A group of self-proclaimed patriots and survivalists calling themselves the Black Order conduct a savage war against the US government; specifically the left-leaning cultural and progressive forces threatening their values and beliefs. Composed of military veterans and technology specialists, the domestic terrorist group is engaged in a campaign of public assassinations of politicians and celebrities, as well as high-profile bombings. Determined to paralyze the country in order to impose their own ideologies, only Op-Center’s Black Wasp team can defeat these militant revolutionaries. But even as Admiral Chase Williams and his agents force them on the run, the Black Order possesses a weapon of mass destruction that they will not hesitate to unleash against millions of innocent civilians.
After their latest hypersonic weapons test ends in failure, the Chinese government sets their sights on the chief engineer of the project as the scapegoat and is arrested—unable to help his family as they are hunted down by the military. Op-Center’s Lt. Grace Lee is sent to China on a solo reconnaissance mission, but when she sees an opportunity to free the imprisoned scientist, she seizes it. With Lee on the run and the Chinese at her heels, Director Chase Williams sends the rest of Op-Center to Mongolia as an extraction team. Meanwhile, the engineer’s son has aligned himself with a dangerous group of counterrevolutionaries hellbent on dismantling the Communist regime, putting his father’s life—and his own—in jeopardy. The Black Wasp team races to rescue their colleague and her high-risk companion without setting off an international incident that leaves China ready to release their greatest weapon yet.
Following the successful extraction of a Chinese scientist from captivity and bringing him to safety in America, Chinese assassins target members of the Black Wasp team engaged in several covert strikes from multiple embassies in Washington, D.C. Additionally, these assassins have managed to infiltrate the U.S. intelligence community, seemingly aware of every move that the team makes. Complicating matters is the new President of the United States, who appears willing to let Op-Center take the fall for the mission that precipitated the crisis. When one of their own is killed, the surviving members of Black Wasp seek both a safe haven and an ally in the fight for survival -- an unexpected partner who might be part of the problem.
National Crisis Management Center (Op-Center)

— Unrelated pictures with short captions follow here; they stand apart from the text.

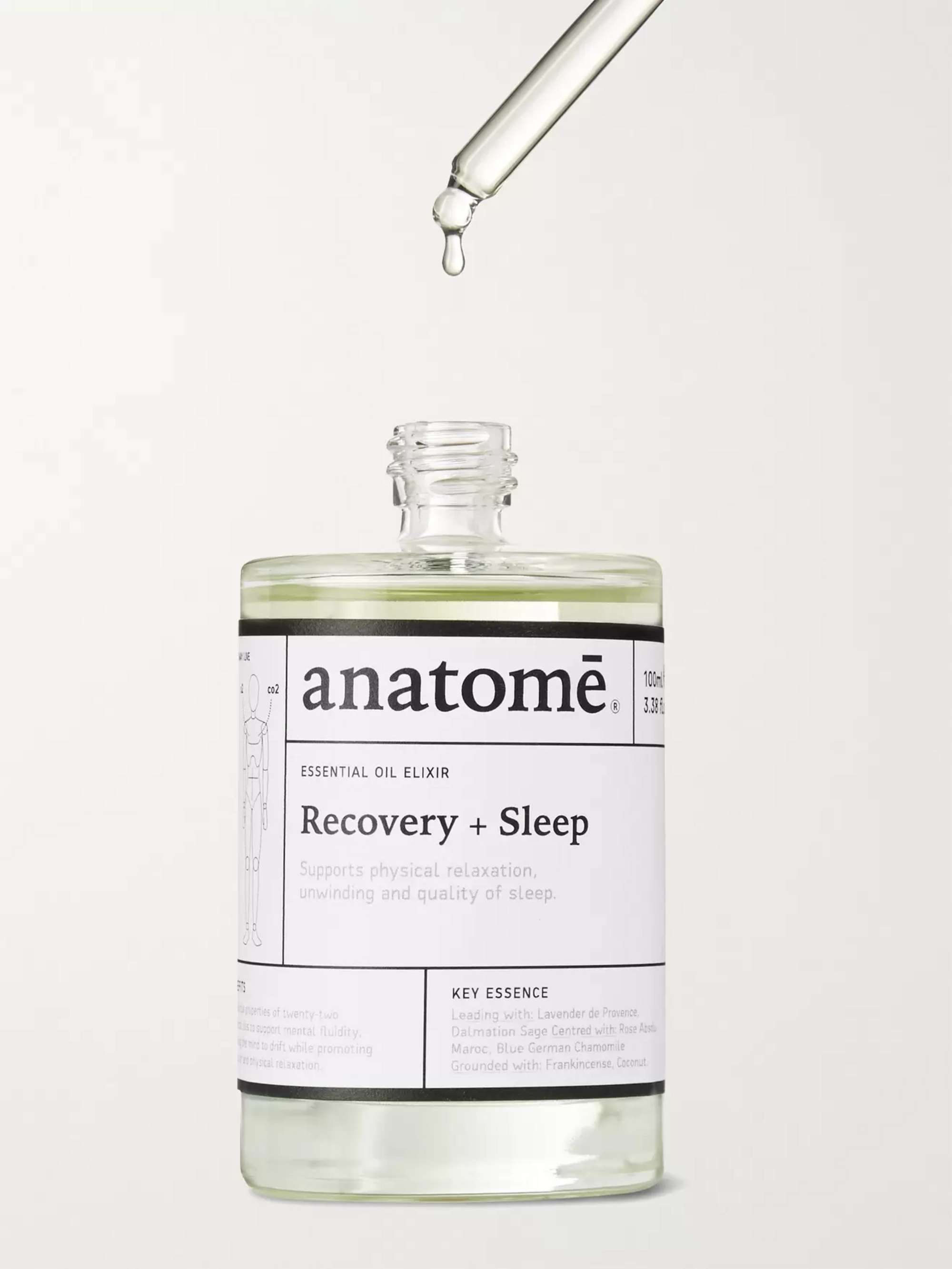 ANATOMĒ Essential Oil Elixir - Recovery + Sleep, 100ml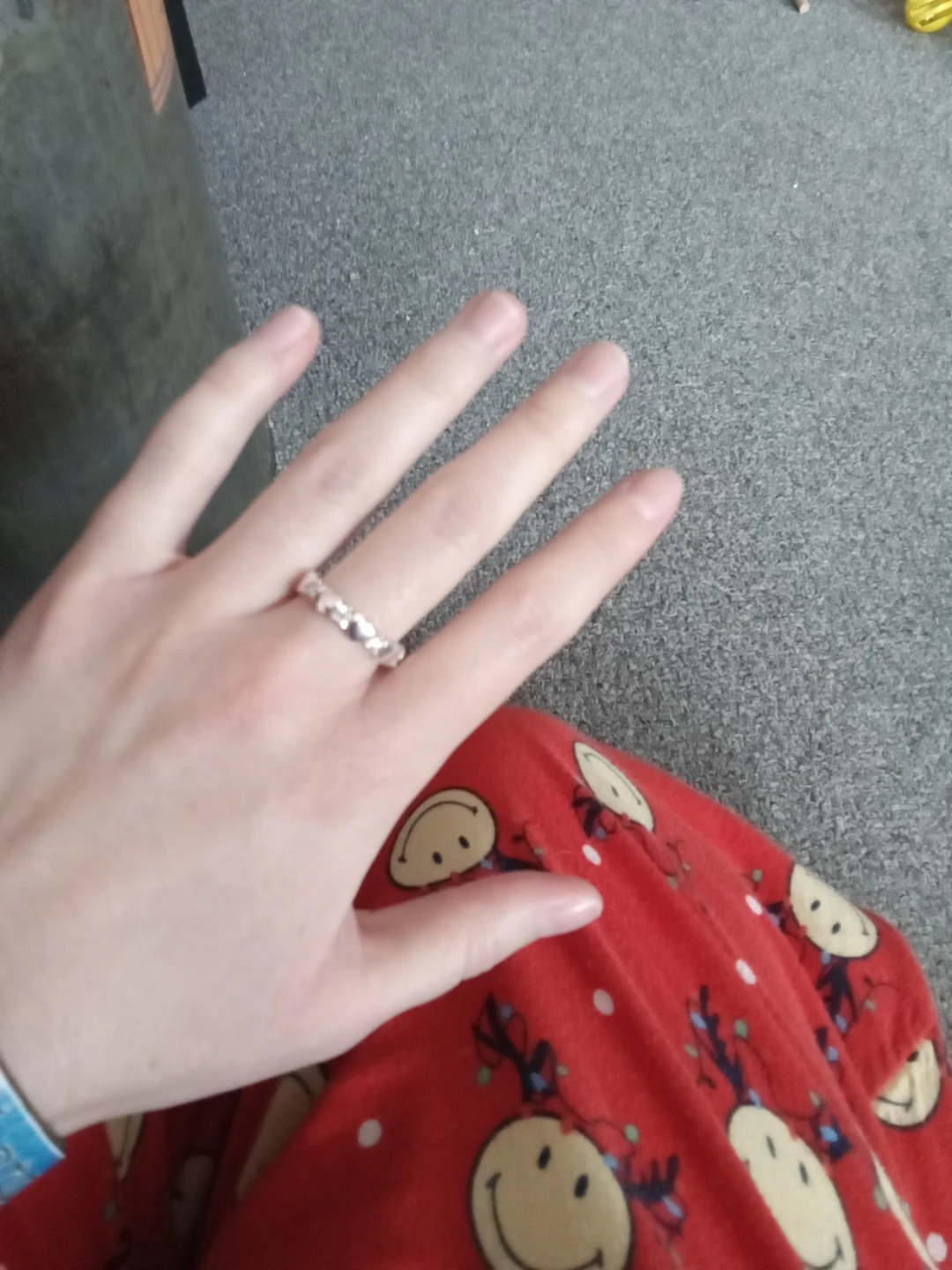 Silver Band Ring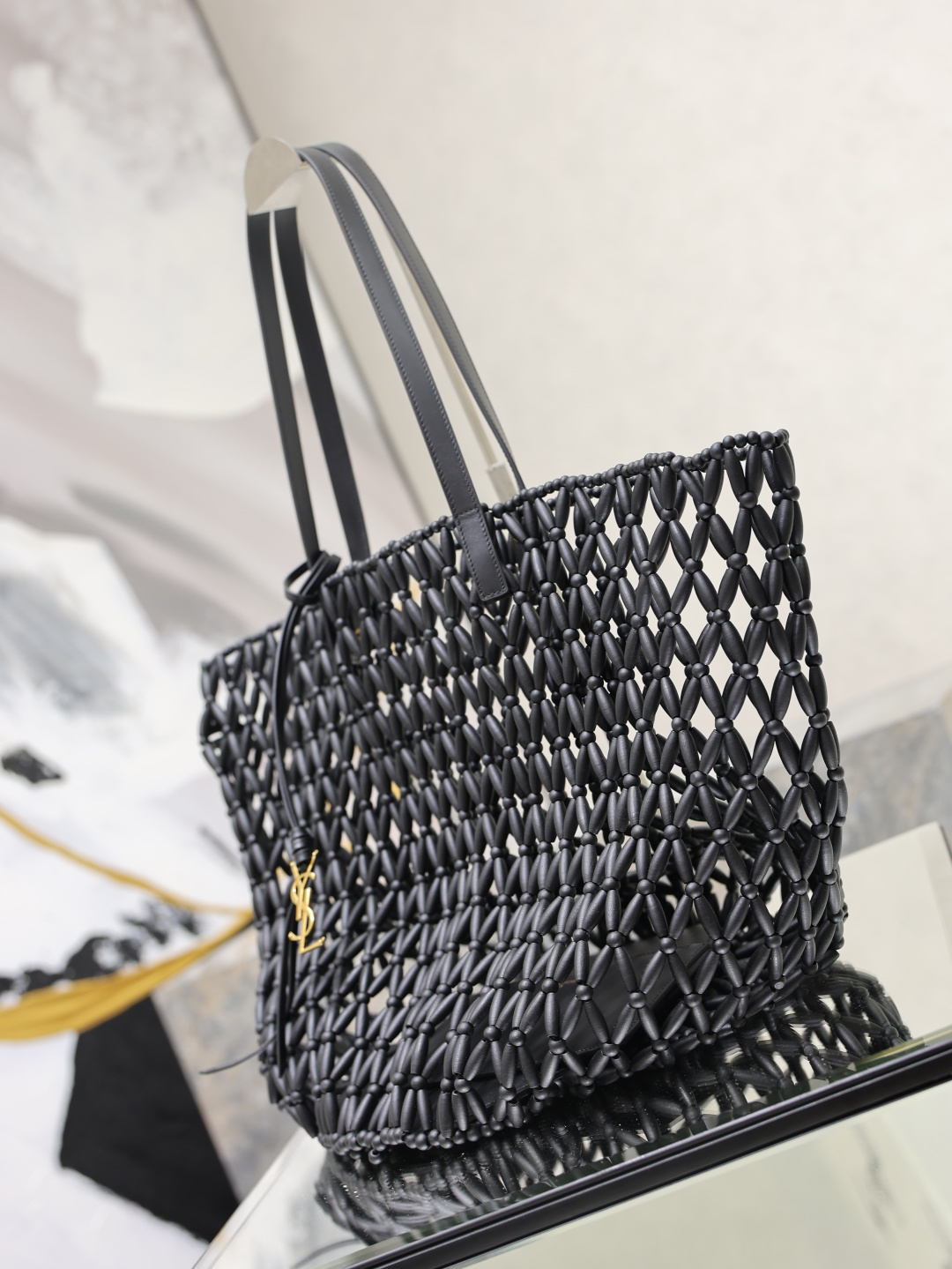 Y51 Panier Tote Bag-28-49×35×30CM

Although familiarly called "Op-Center", the actual name of the largely autonomous agency is the "National Crisis Management Center". The charter of the NCMC, or Op-Center, is unlike any other in the history of the United States. They handle both domestic and international crises. Director Paul Hood reports to the President himself, and what had started as "an information clearinghouse with SWAT capabilities" now has the singular capacity to monitor, initiate, and manage operations worldwide. The organization had its own paramilitary response team, called the Striker team, named by an Op-Center member who was a soccer fan, composed of members of the U.S. military special operations community. The series also mentioned similar organizations from England, whose response team was called Bengal, and Russia, with a team called Hammer. It is headquartered in a nondescript, two-story building located near the Naval Reserve flight line at Andrews Air Force Base that used to be a ready room, a staging area for crack flight crews. In the event of a nuclear attack, it would have been their job to evacuate key officials from Washington, D.C.
According to the 2014 reboot franchise, the NCMC was eventually disbanded after the Secretary of Defense and the Director of National Intelligence managed to convince the President of the United States to shut the organization down due to the effectiveness of the US Intelligence Community and Special Forces in the War on Terror (much to the disgust of Paul Hood and Mike Rogers). Years later however, terrorists blow up several NFL stadiums across the country and leave thousands dead or mutilated. It is determined in the resulting investigation that the inability of government agencies to prevent the attacks was due to a lack of information, as well as the inability to put the pieces together in time. In response, the President executes an emergency order that reboots Op-Center for the 21st Century. Retired Admiral Chase Williams is eventually named the new director and Op-Center's new headquarters is located in the basement of the National Geospatial-Intelligence Agency; as its response team, Op-Center utilizes soldiers from the Joint Special Operations Command for overseas missions and a SWAT team from the FBI's Critical Incident Response Group in order to respond to domestic emergencies.
Net Force
The third Op-Center novel, Games of State, briefly alludes to the concept of a "Net Force". This concept was later expanded into its own Net Force series, created by the same men as Op-Center but written by Steve Perry (and later cowritten with Larry Segriff). No direct connection has yet been drawn between the two series, however.
In other media
OP Center was a 1995 made-for-TV movie starring Harry Hamlin as Paul Hood, newly minted director of the "OP Center".[1][2]